Ana limpou a mão na lateral do vestido, o tecido branco manchado de vermelho. Ela olhou para o céu azul, o sol quente em seu rosto, e uma pergunta se formou em sua mente, fria e clara.
Ela se levantou e foi até a sala de estar, onde sua mãe, seu pai, Pedro e Clara estavam rindo, planejando uma grande festa para celebrar a "nova fase" da família.
"Mãe", Ana disse, a voz calma interrompendo a alegria deles. "Se eu morresse amanhã, você sentiria minha falta? Você choraria por mim?"
O silêncio caiu sobre a sala. Todos olharam para ela como se ela tivesse enlouquecido.
Sua mãe foi a primeira a se recuperar. "Que pergunta horrível, Ana! Por que você diz uma coisa dessas? Para de ser tão dramática e mórbida. Estamos tentando ter um momento feliz aqui."
"É só uma pergunta", Ana insistiu, seu olhar fixo no de sua mãe.
Seu pai balançou a cabeça, desapontado. "Francamente, Ana, esse seu comportamento é inaceitável. Nós estamos elogiando sua maturidade e você vem com esse tipo de conversa para estragar tudo. Claro que ficaríamos tristes, mas você não vai morrer. Você é forte. Agora, por favor, pare com isso."
Eles não sentiriam. A resposta estava clara em seus rostos, em sua recusa em sequer considerar a possibilidade. Sua morte seria um inconveniente, uma nota triste em um dia feliz, nada mais.
Aquela foi a última gota. O último pedaço de esperança, por menor que fosse, se desfez em pó.
Ela viu Miguel entrar na sala, olhando para o grupo de adultos com incerteza. Ana se ajoelhou na frente dele, ignorando a pontada de dor em suas articulações.
"Miguel, meu amor", ela disse, sua voz suave. "A partir de hoje, a tia Clara vai cuidar de você. Ela será como uma nova mamãe. Você pode chamá-la de 'mamãe', se quiser."
Ela olhou para Clara, que a observava com um sorriso triunfante. "Ela vai te levar ao parque, vai te comprar todos os brinquedos que você quiser. Vai ser maravilhoso, não vai?"
Miguel olhou de Ana para Clara, depois para o sorriso encorajador de Pedro. A inocência infantil não viu a tragédia, apenas a promessa de diversão.

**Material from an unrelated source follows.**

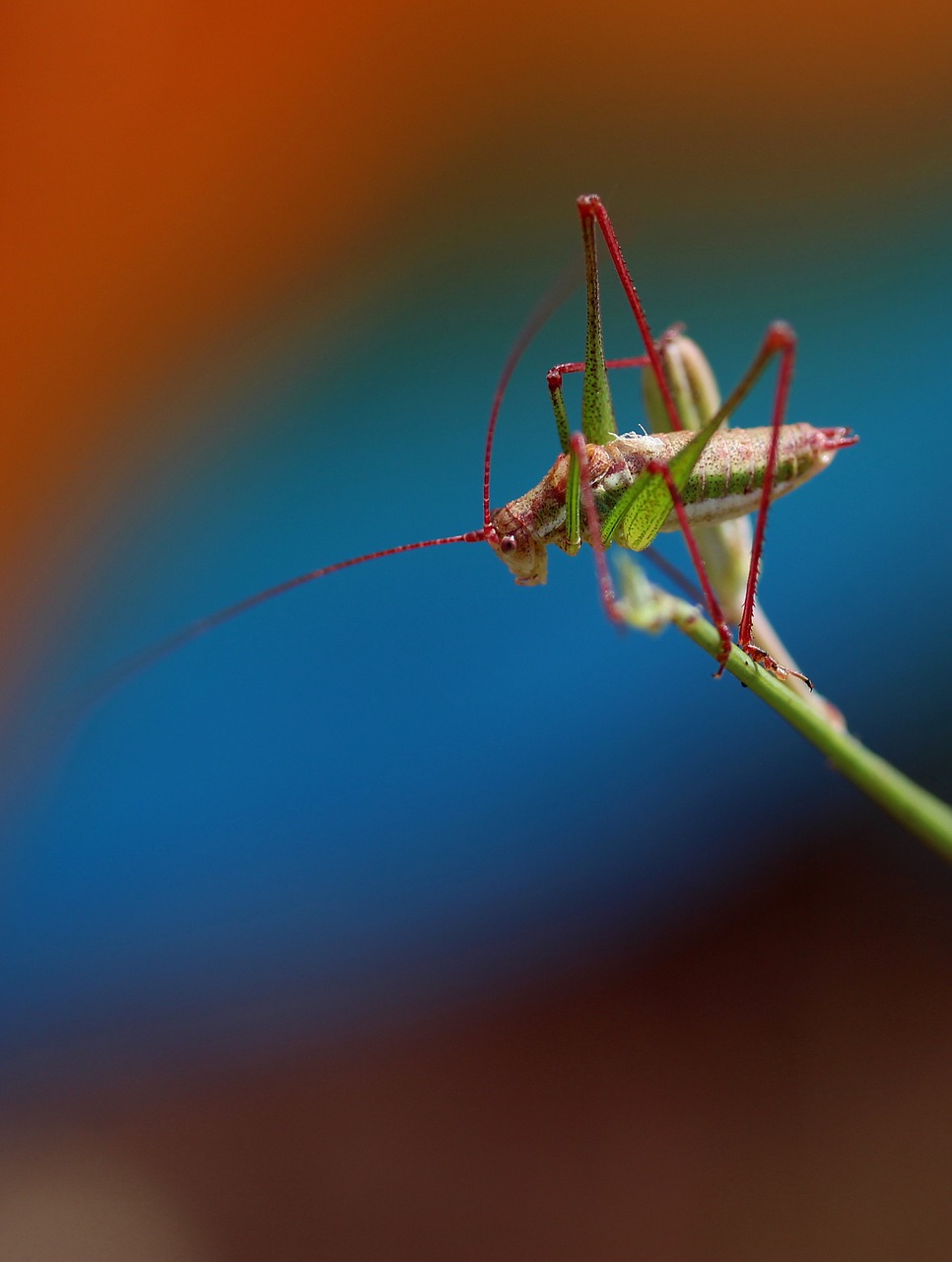 Image - grasshopper plant rest coloring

"Sério?", ele perguntou, os olhos brilhando. "Eu posso chamar a tia Clara de mamãe?"
"Claro que pode, meu tesouro", Clara disse, ajoelhando-se ao lado de Ana e abraçando Miguel. "Eu vou ser a melhor mamãe do mundo!"

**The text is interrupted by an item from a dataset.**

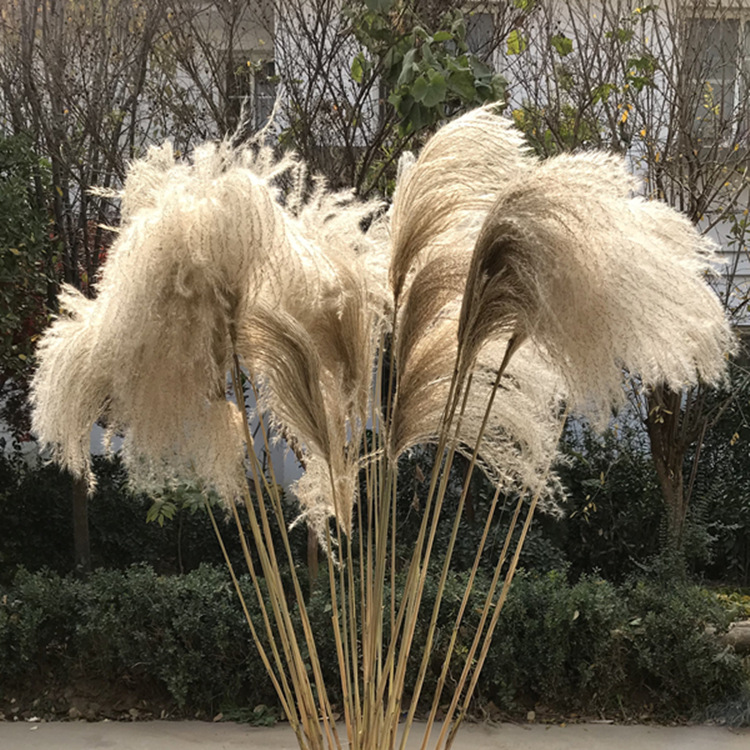 

50pcs Dried Flower Reed Flower Dusting Pampas Grass Wheat Dried Wedding Shop Decoration Ornament, 1pcs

"Eba!", Miguel gritou, abraçando Clara com força. "Você é a melhor, mamãe Clara!"
Pedro e os pais de Ana sorriram, satisfeitos. A cena era perfeita para eles. A transição fora concluída. A família estava completa, refeita à imagem e semelhança da vontade de Clara.
Enquanto eles se abraçavam e riam, um novo núcleo familiar se formando sobre as cinzas da antiga, Ana se levantou. Ninguém notou. Seus olhos passaram pela sala uma última vez, gravando a imagem da traição completa.

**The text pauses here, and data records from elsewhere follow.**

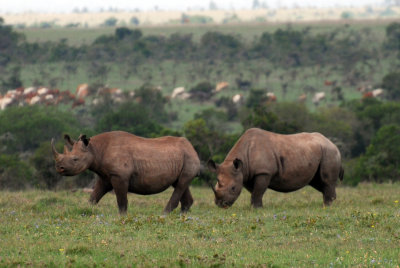 Sweetwaters Game Reserve - Black rhino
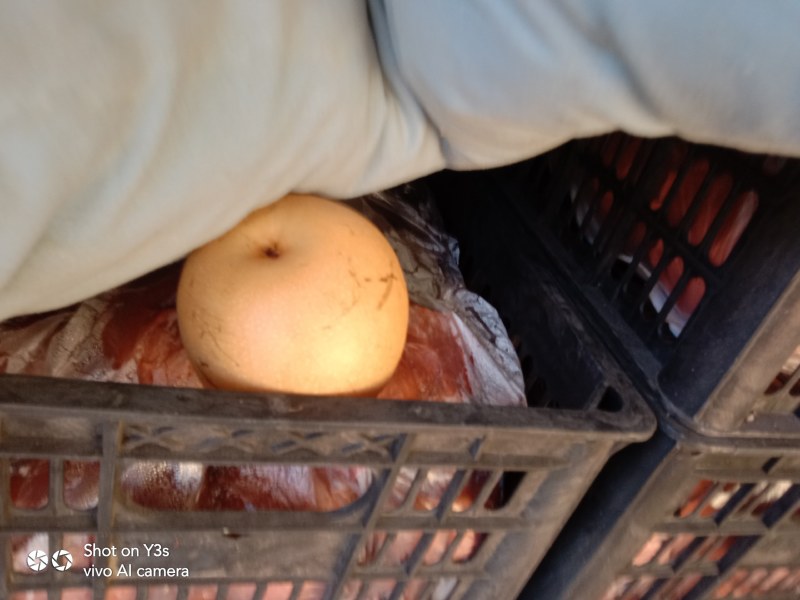 我想卖元黄梨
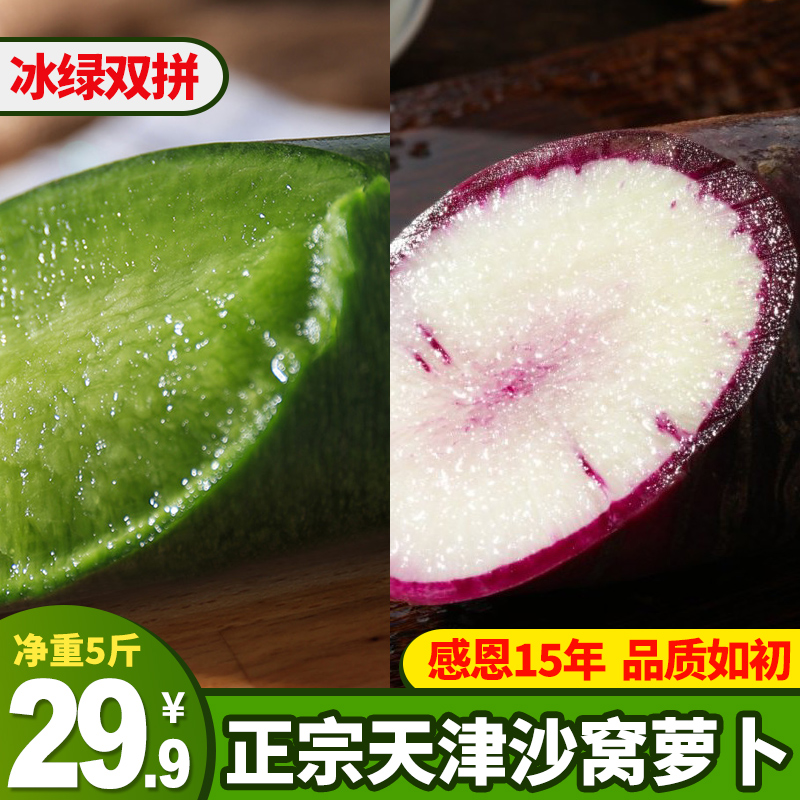 沙窝林子脆甜多汁水果萝卜现拔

Ela se virou e caminhou em direção à porta da frente. Cada passo era pesado, um adeus silencioso a cada memória, cada sonho desfeito. Ela abriu a porta e saiu para a luz do sol, fechando-a suavemente atrás de si.
Ninguém a viu partir. Ninguém a chamou de volta.
Ela começou a andar sem rumo, para longe daquela casa, daquela vida. Ela não sabia para onde ia, apenas que precisava ir. O sol da tarde começou a se pôr, pintando o céu com tons de laranja e roxo. A força artificial da poção estava desaparecendo rapidamente. O ar ficou mais frio, e um calafrio percorreu seu corpo. Sua visão começou a escurecer nas bordas, e suas pernas fraquejaram.
Ela deu mais alguns passos trôpegos e caiu na calçada de uma rua desconhecida, a escuridão finalmente a engolindo por completo.